The reason you are given homework is so you will learn how to do it!

LB

Sun, 19 Nov 2000 03:00:00 GMT

Quote:
>Hi, my problem is the construction of the following program.

>There are 3 courses.(af1110, sp2200, en1010). Max # of students
>that can take af1110  is 3 and 2 for the other courses.
>The program asks for selecting a course(this is done 5 times)

>for k=1 to 5
>input"Give Course:";course\$
>next k

>When af1110 is selected then instead of 3 places that af1110 can hold,
>now
>should hold one less. So every time a course is selected, its available
>places should
>be reduced by 1. When there are no places in a course then the program
>should
>tell: Select another course.

>THANKS !!!

I'm not sure exactly what you need to do here however I'll give it my
best interpretation.

dim k(5) 'Not sure if it's really needed but good prog practice
for k=1 to 5
cls
?"(1)  AF1110";
if af1110=3 then
?" (CLOSED)"
else ?
end if
?"(2) SP2200";
if sp2200=2 then
?" (CLOSED)"
else ?
end if
?"(2) EN1010";
if en1010=2 then
?" (CLOSED)"
else ?
end if
do
spank=inkey\$()
loop until spank>0 and spank<4
if spank=1 then af1110=af1110+1
if spank=2 then sp2200=sp2200+1
if spank=3 then en1010=en1010+1
next k

It's crude but should do the job.

|_|_|_|/|
|_|_|_|/|
|_|_|_|/

Mon, 20 Nov 2000 03:00:00 GMT

Try to use collections!

if an index is removed the maximum will decrease and you can test this
behaviour.
Dim c as collections

Quote:
>Hi, my problem is the construction of the following program.

>There are 3 courses.(af1110, sp2200, en1010).
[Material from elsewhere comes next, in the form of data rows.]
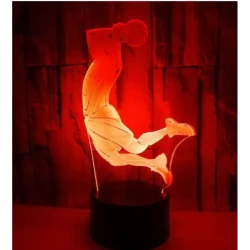 Shooting 3D night light smart home decoration light LED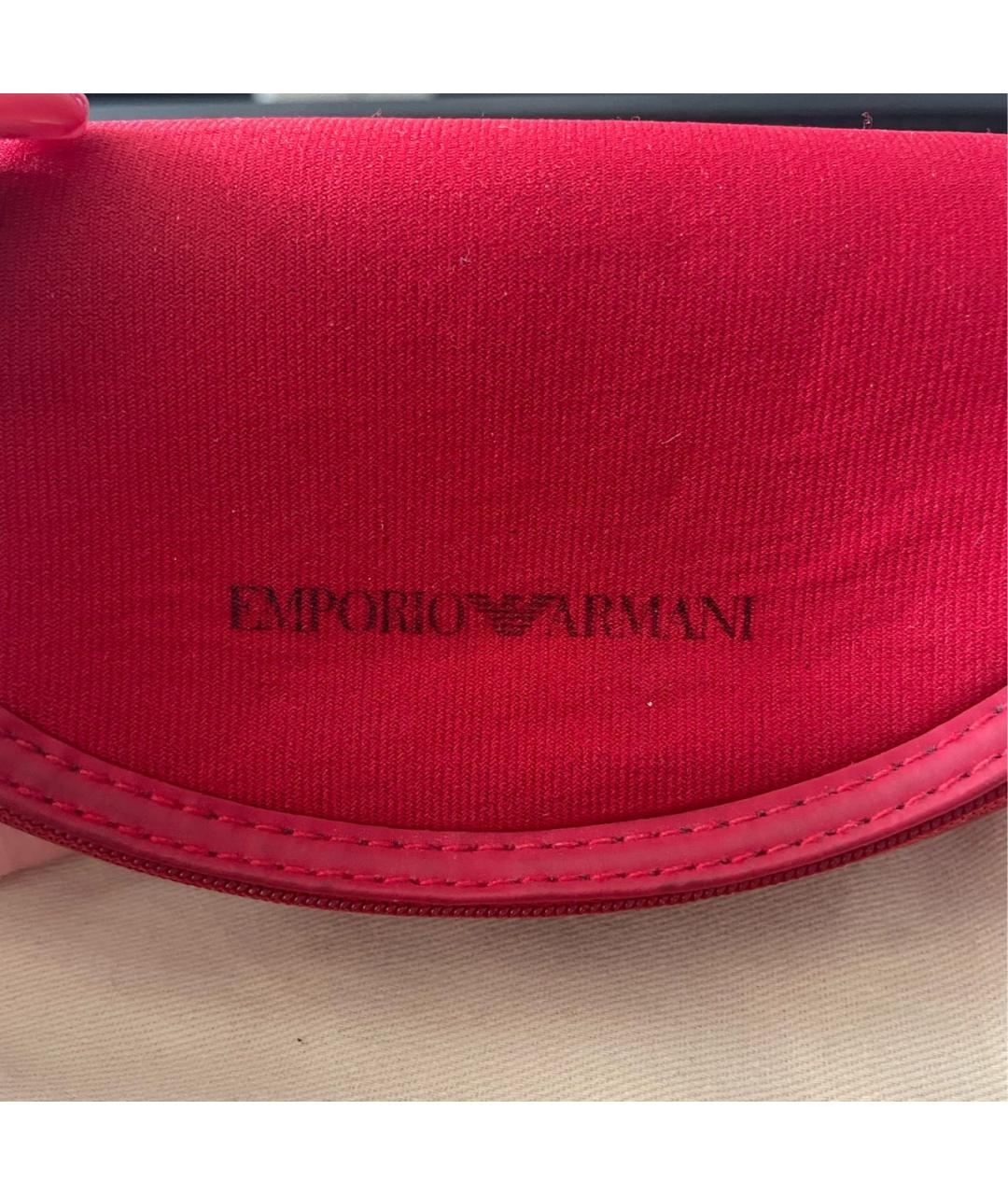 EMPORIO ARMANI Бежевые пластиковые солнцезащитные очки, фото 5
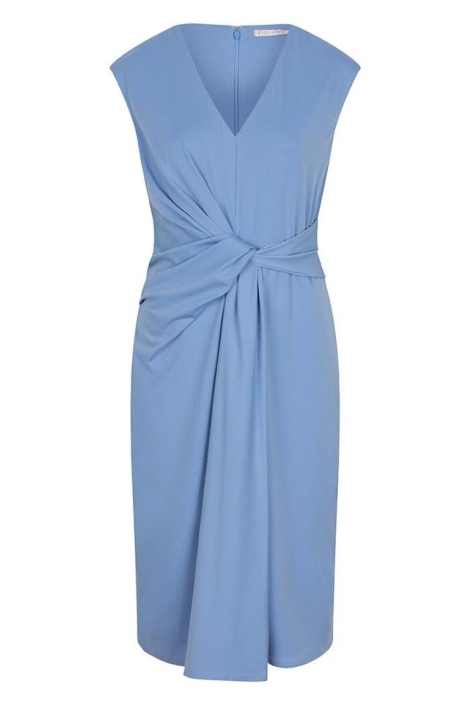 EsQualo dress slv/lss waist detail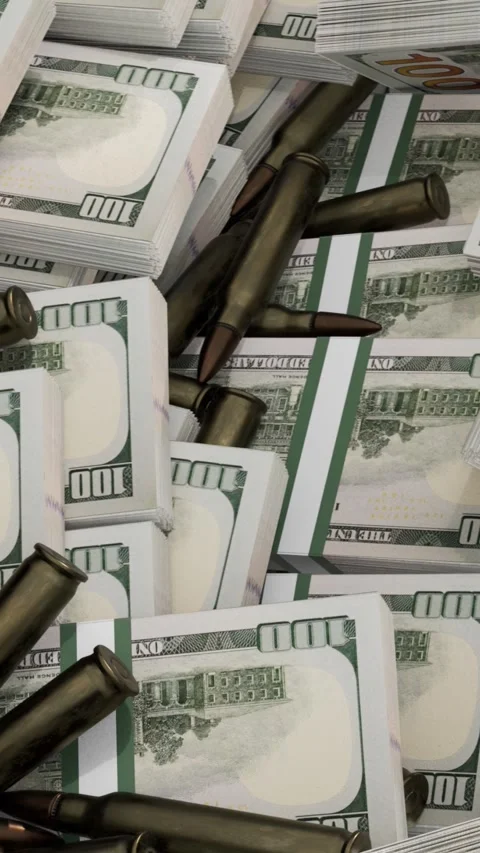  dollars and  bullets Vídeo Stock 330008226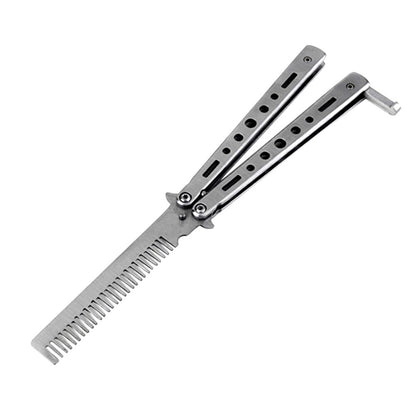 1pcs Foldable Comb Stainless Steel Practice Training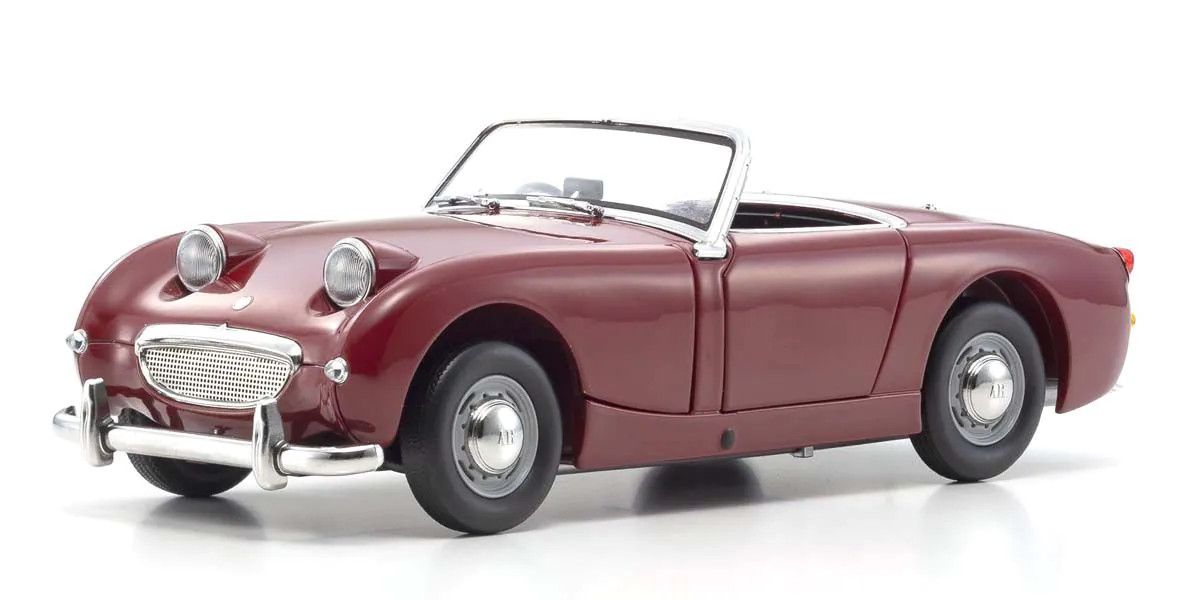 Kyosho Diecast KS08953R 1/18 Scale Austin Healey Sprite, Cherry Red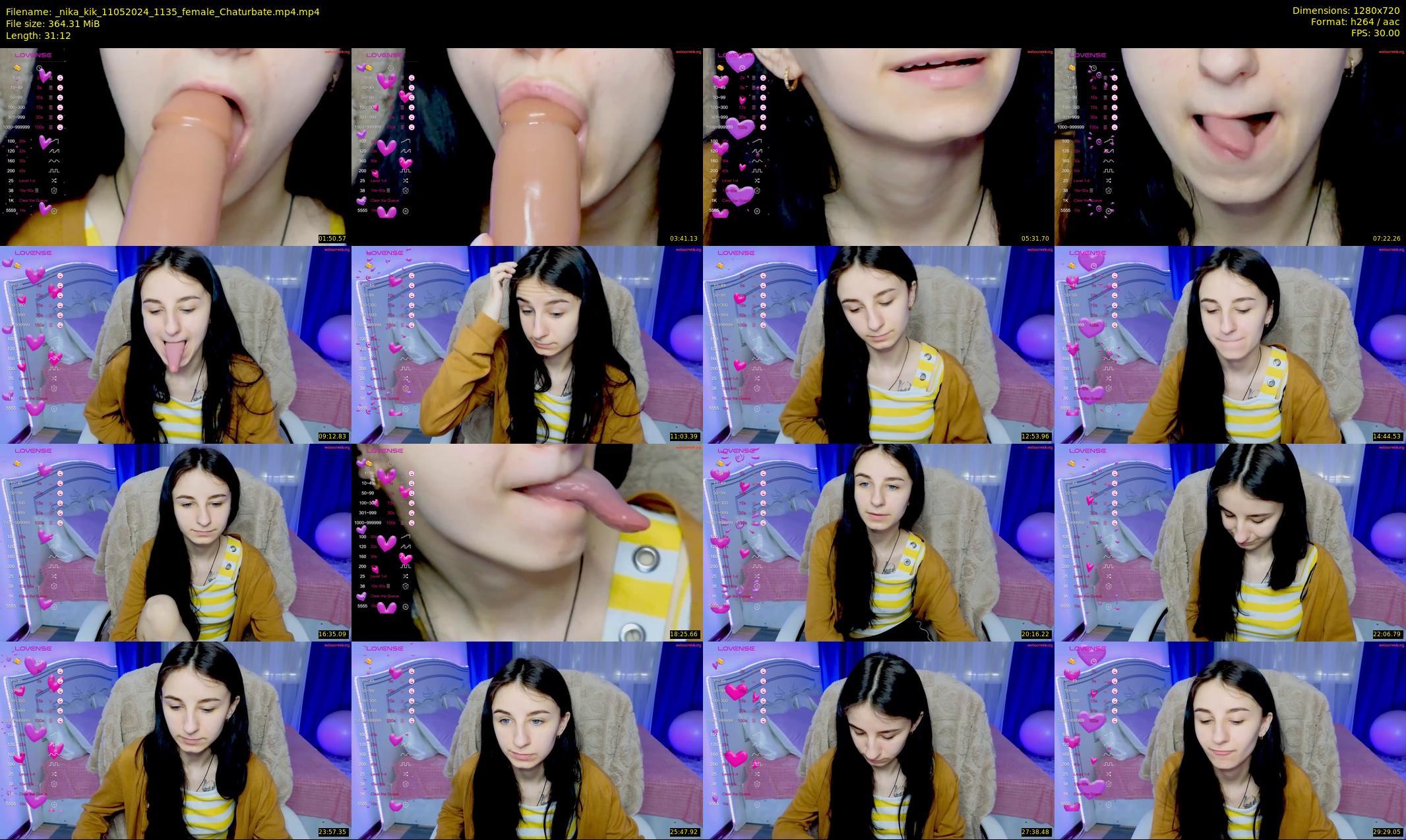 _nika_kik — 32 minute Chaturbate female cam show recording, 720p, May 11, 2024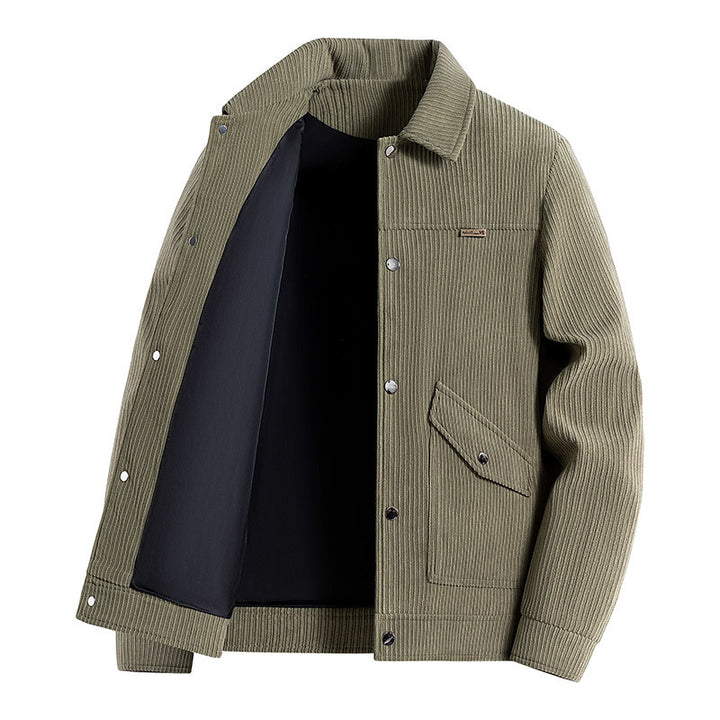 Herren Modische Cordjacke Drune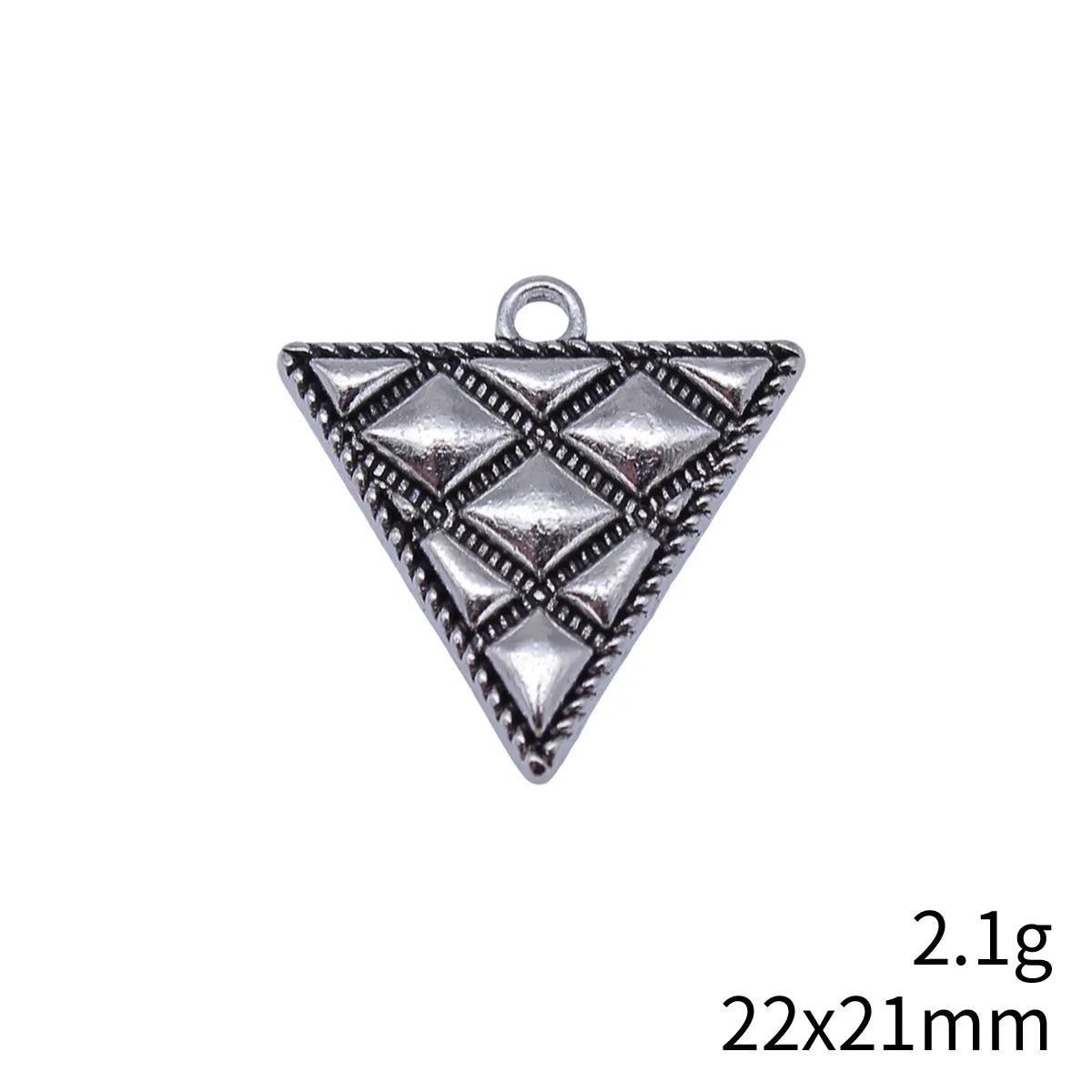 22x21mm 2.1g Antique Silver Zinc Alloy Inverted Triangle Charm Pendant for Necklace Bracelet DIY Jewelry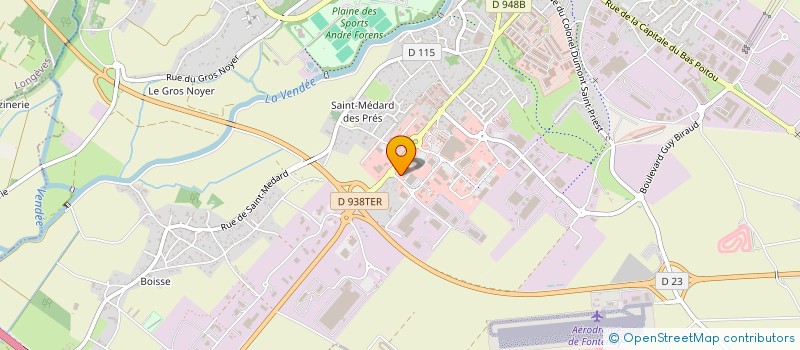 localisation de l'entreprise AU PAYS BIO à FONTENAY-LE-COMTE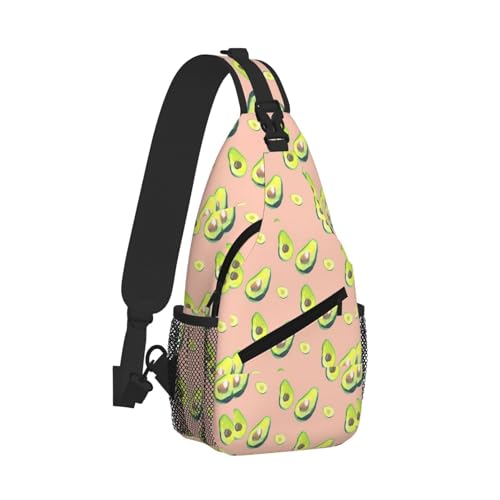 Many Avocado Images Printing Fashion Sling Bag For Men Chest Shoulder Backpack Crossbody Motocycle Daypack For Travel Hiking2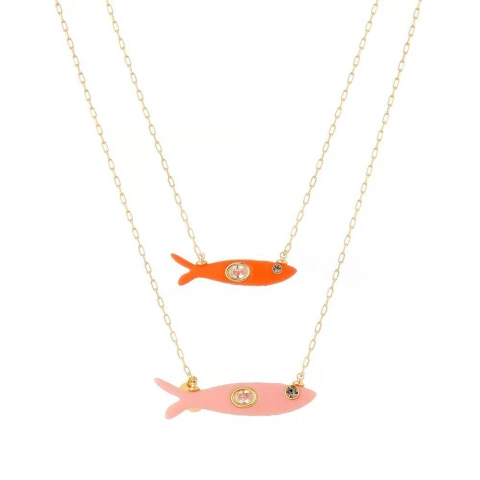 Colar Escapulário Cartier Sardines Resina Pop e Energy | Nadia Gimenes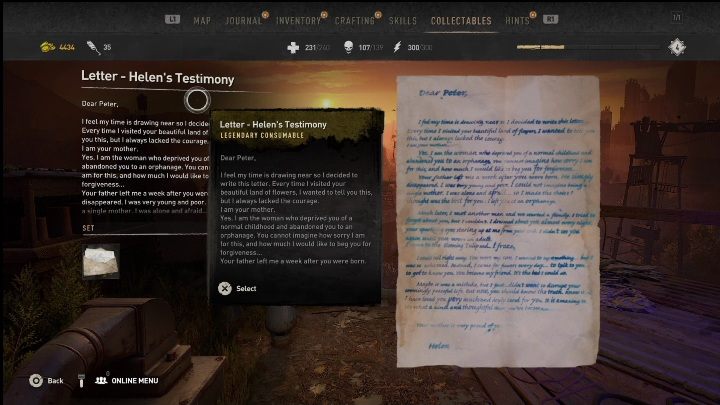 During the quest The Rose Garden, you will reach a location full of plants - Dying Light 2: Mementos (Quarry End) - list of all - Quarry End - Dying Light 2 Guide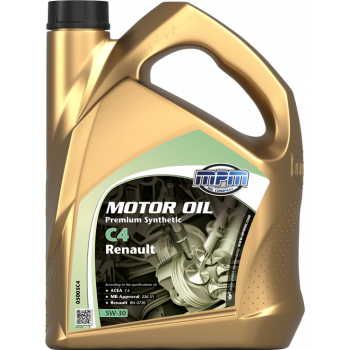 MPM Premium Synthetic C4 Renault 5W-30 Motorolja Dunk 5 l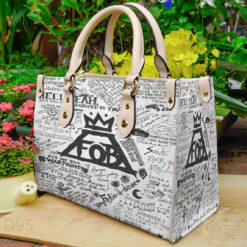 Fall Out Boy 5 Leather Handbag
Max # of students
>that can take af1110  is 3 and 2 for the other courses.
>The program asks for selecting a course(this is done 5 times)

>for k=1 to 5
>input"Give Course:";course\$
>next k

>When af1110 is selected then instead of 3 places that af1110 can hold,
>now
>should hold one less. So every time a course is selected, its available
>places should
>be reduced by 1. When there are no places in a course then the program
>should
>tell: Select another course.

>THANKS !!!

Mon, 20 Nov 2000 03:00:00 GMT

Quote:

> Hi, my problem is the construction of the following program.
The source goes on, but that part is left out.